Wednesday, November 5, 2008

Response to Readers: Drawing Water from the Same Well

Just recently, an Anonymous commenter posted this comment on my original post about the autistics:


Um, I'm kinda confused. The message of these kids seems to differ from the message of your book. I don't remember the exact pages (I read the book right when it came out) but I remember you saying that being Chareidi is not related to your kippa or whether or not you wear t'cheiles. It means accepting the values listed on page 217. Now suddenly, you are promoting (and saying this was the intent of the book all along) the definiton of chareidi alluded to when you say "there's chareidi and there's chareidi" or the definition used by your bekeshe laden friend on page 218. The guys at mekaz ha'rav are chareidi according to your definition but not according to the definition of the second definition.I'm confused.

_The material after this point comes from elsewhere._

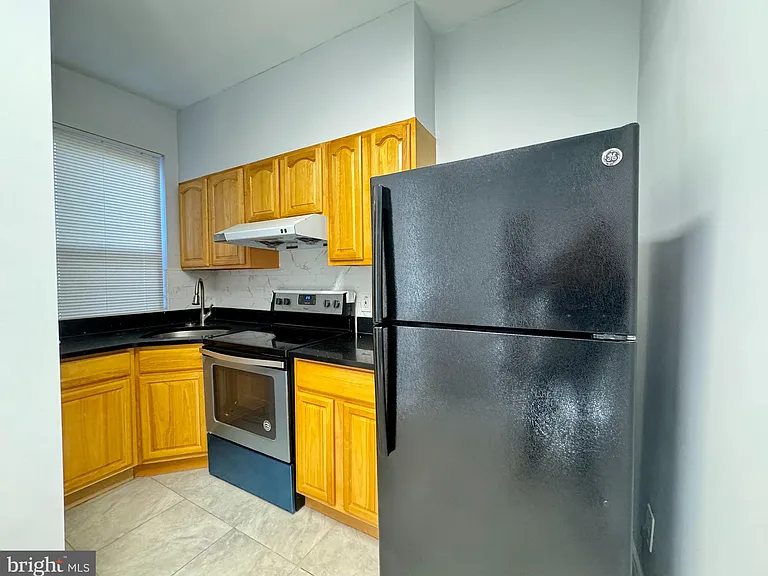 3739 Lancaster Ave #2F — Photo 2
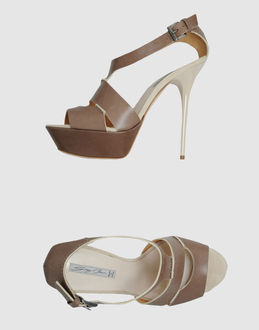 YOHJI YAMAMOTO - CALZATURE - Sandali con plateau - su YOOX.COM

I will certainly do my best to clear up the confusion. I will try to make this as simple as I can:

The message of my book is that all Jews are obligated to live up to Vayikra 26:3 which, according to Rashi and Toras Kohanim means "keeping the mitzvos and toiling in Torah study." If we do so, things will be pretty good and we will merit the blessings of the following 10 pasukim. If we do not, we are in for a very rough ride (such as the following 33 pasukim).

The message of the autistics is that all Jews are obligated to live up to Vayikra 26:3 which, according to Rashi and Toras Kohanim means "keeping the mitzvos and toiling in Torah study." If we do so, things will be pretty good and we will merit the blessings of the following 10 pasukim. If we do not, we are in for a very rough ride (such as the following 33 pasukim).

Don't you love Copy /Paste?

Are we together on this to this point?

Now, I chose to call anybody who lives up to Vayikra 26:3 chareidi because I believe that this is what Yeshaya HaNavi had in mind.

As such, anyone who does so is chareidi no matter which Yeshiva he learns in.

Neither I nor the autistics are interested in what type of kippa one wears or whether they wear t'cheles (the page that you refer to is 67).

As much as I focus on Vayikra 26:3 there is another focus on Vayikra 19:2 which I mention briefly on page 95 but do not go into detail. Still it is every bit a part of the 1A7B credo. This is the part about Kedoshim Tihiyu which Rashi explains as "havu perushim min haarayos..." and the Ramban explains as not being a "naval b'rshus haTorah". I consider Kedoshim Tihiyu as an intrinsic part of Im Bechukosai Telechu so the same ultimatum (we keep it - good; we flout it- bad news...) applies.

The autistics seem to take an extremely hard-lined view of Kedoshim Tihiyu. Still, it is a reflection of the attitudes of chazal. Since I am trying to be as inclusive as I can with my definition, I am not actively promoting such a hard-line view. I am having enough trouble selling ameilus b'Torah so I leave it to them to push the strict Kedoshim Tihiyu. The autistics are not trying to be overly inclusive in their "One Above" list so they can get away with it.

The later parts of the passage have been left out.